AA2 before or after drum quantizing?

Total AA noob, here (today). Literally only watched some YouTube videos. Reaper DAW.
Impressed me enough to get it. Intermediate-ish+ music producer. Remote/mobile studio side business.
Quantize the grouped drum tracks before or after AA2?
Also…any Reaper users familiar with how to auto-aligned tracks and “print” them…so you can take auto-aligned tracks…drop them in…and take AA2 off, to save CPU? Or, is it not very CPU heavy?
Like I said…noob, here…
Thanks, everyone…

Hey @nihmjim ,
First of all, as a general rule of thumb, when quantizing multi-mic setup, it’s important to apply the same adjustments to all tracks, not just some of them, also any quantizing based on time-stetching could change the phase.
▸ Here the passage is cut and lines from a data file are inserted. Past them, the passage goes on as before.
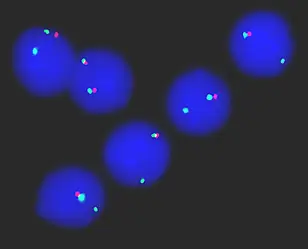 Leukämiezellen, in deren Zellkern sich lediglich ein rotes Signal findet, haben einen Teil des Chromosoms 17 verloren. Das führt zu Resistenz gegen Chemotherapie und Zelltod. Quelle: Daniel Mertens, Universität Ulm und Deutsches Krebsforschungszentrum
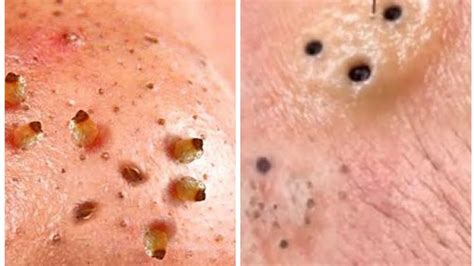 Black Head Removal From Infected Face Oddly Satisfying Blackhead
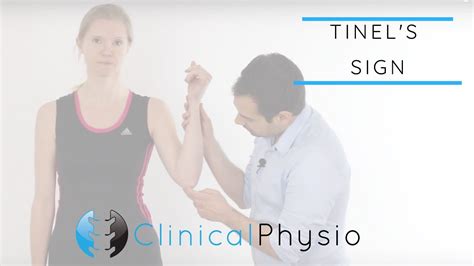 Tinels Test For Cubital Tunnel Syndrome Clinical Physio Youtube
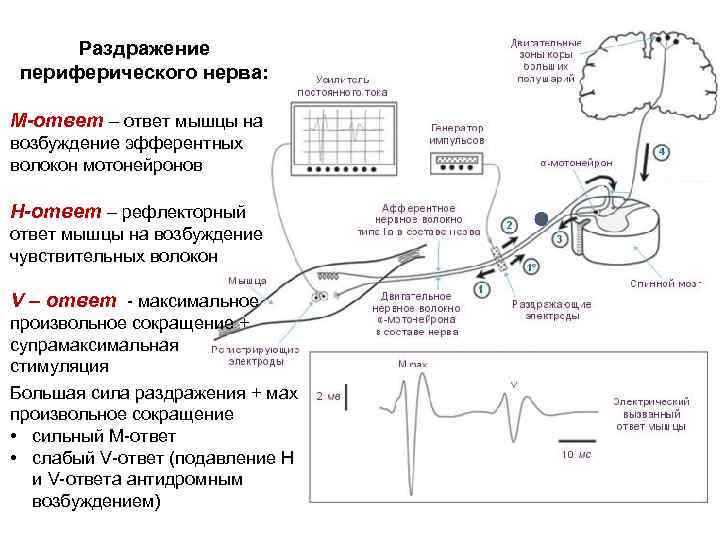 Раздражение периферического нерва: М-ответ – ответ мышцы на возбуждение эфферентных волокон мотонейронов Н-ответ –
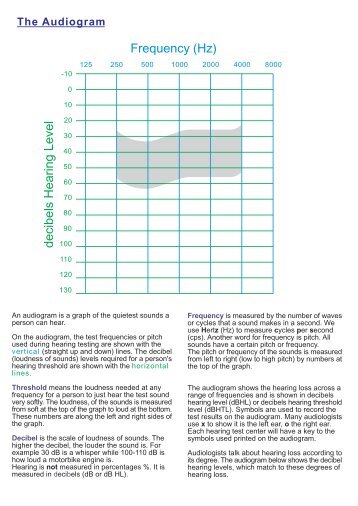 decibels Hearing Level Frequency (Hz)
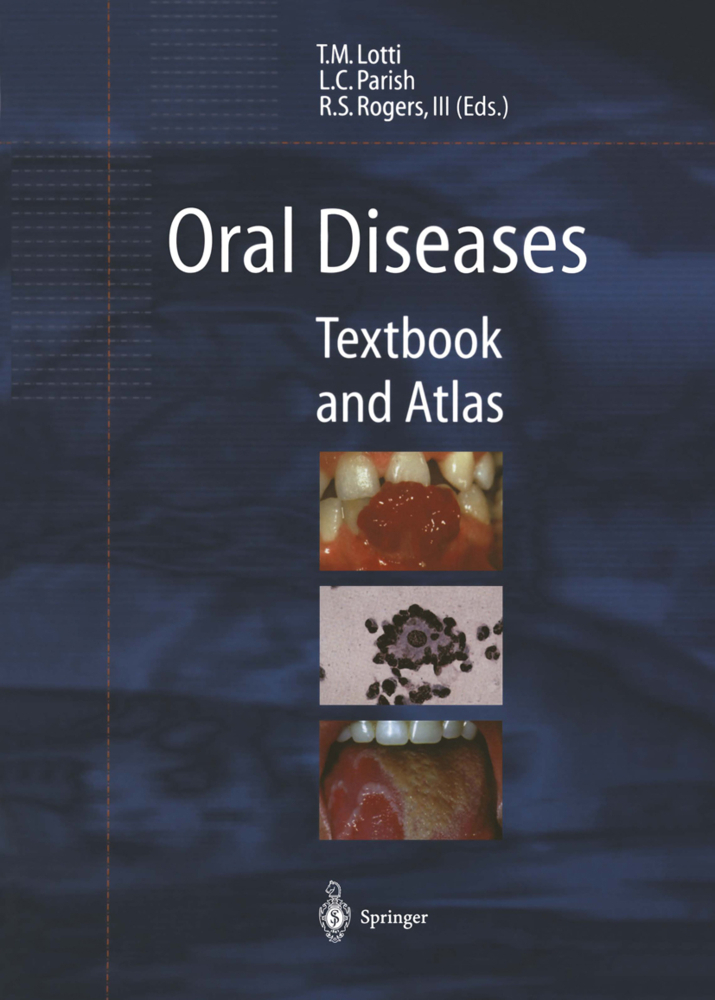 Oral Diseases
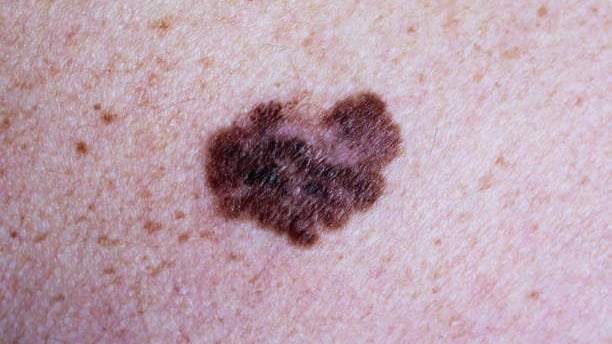 Melanoma
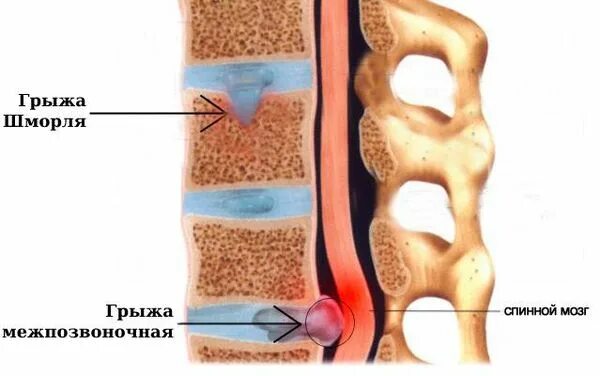 Позвоночная грыжа симптомы фото Грыжа Шморля: причины, симптомы и лечение в статье невролога Котляр Я. А.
So I guess you’re quantizing by chopping regions and putting them at the right time with some fades. similar to what’s mentioned here.

AA2, would still work just fine as long as all the tracks were moved together (you didn’t break their time/phase relations).

But…
Ideally, AA2 alignment can be made on the raw tracks before any edits - that way AA2 gets the maximum data it can on the actual recording. that would work just fine also after quantizing.

Also…any Reaper users familiar with how to auto-aligned tracks and “print” them…

For ARA, as of writing this you need to use Render Track to Stem with AA2 only that track.
If you’re not using the ARA mode, you can freeze the track of to that insert.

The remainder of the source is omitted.